Gravity models have long been popular for analyzing economic phenomena related to the movement of goods and services, capital, or even people; however, data limitations regarding migration flows have hindered their use in this context. With access to improved bilateral (country to country) data, researchers can now use gravity models to better assess the impacts of migration policy, for instance, the effects of visa restriction policies on migration flows. The specification, estimation, and interpretation of gravity models are illustrated in different contexts and limitations of current practices are described to enable policymakers to make better informed decisions.
Gravity models provide an intuitive framework to understand the determinants of flows between countries, in particular: trade, migration, or capital.
Gravity models can easily be derived from theoretical models such as random utility maximization models.
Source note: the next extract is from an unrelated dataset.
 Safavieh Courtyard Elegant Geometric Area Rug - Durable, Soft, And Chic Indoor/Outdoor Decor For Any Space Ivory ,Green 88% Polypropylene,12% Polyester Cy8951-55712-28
There are multiple methods to account for analytical challenges associated with gravity models such as the use of instrumental variables or fixed effects.
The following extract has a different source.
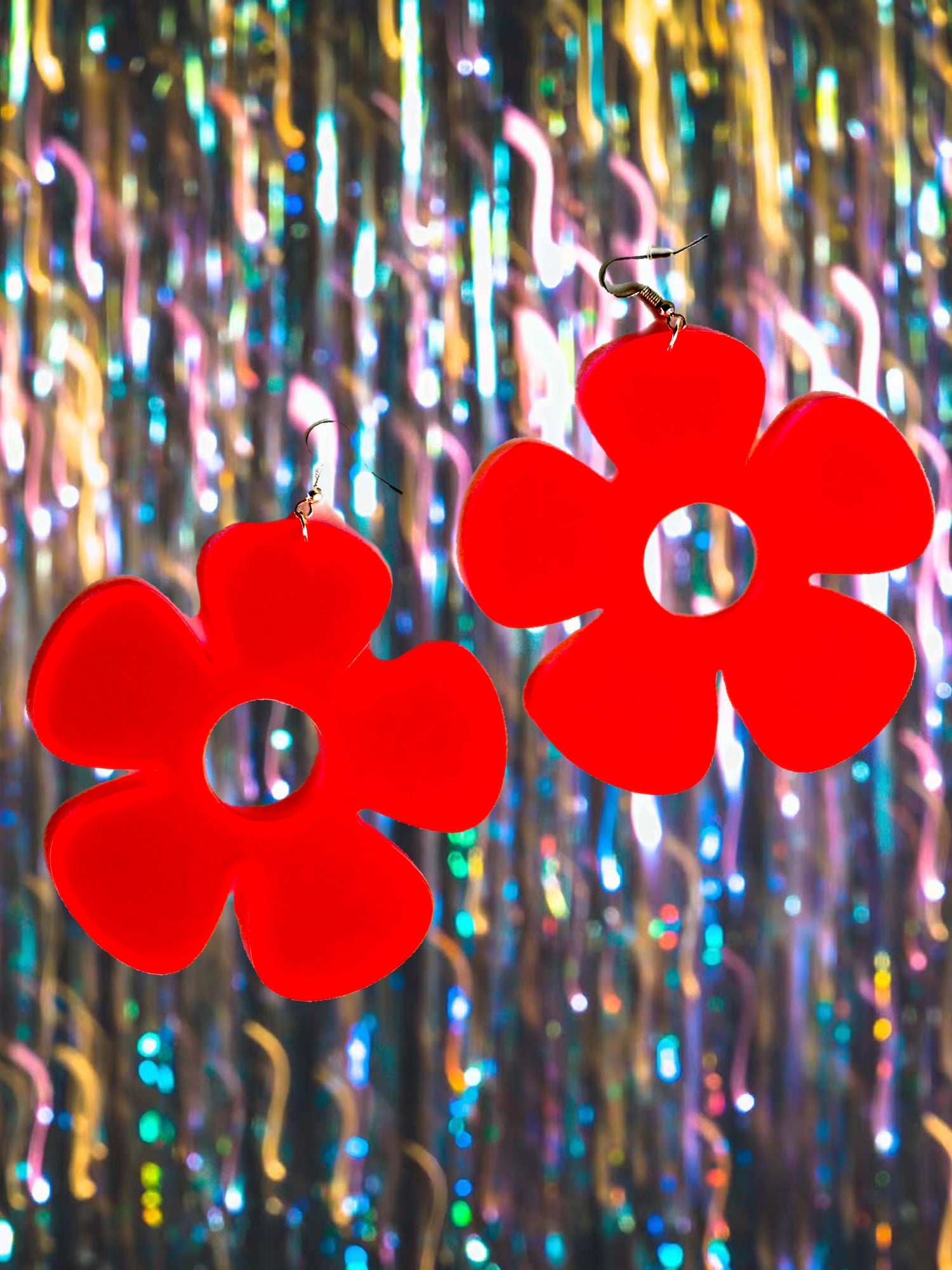 Groovy Neon Flower Power Plexi Glass Acrylic Earrings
Empirical models can easily be augmented to consider different additional controls and policy variables.
The estimation of gravity models requires country-pairs detailed data (i.e. data regarding two specific countries experiencing direct flows between them), which is not always easy to obtain.
Gravity models encounter difficulty when using data sets that include negative or zero values; some solutions are being investigated, but the challenge remains.
The interpretation of gravity model results from a policy perspective is not always straightforward due to questions regarding data completeness and other influencing factors.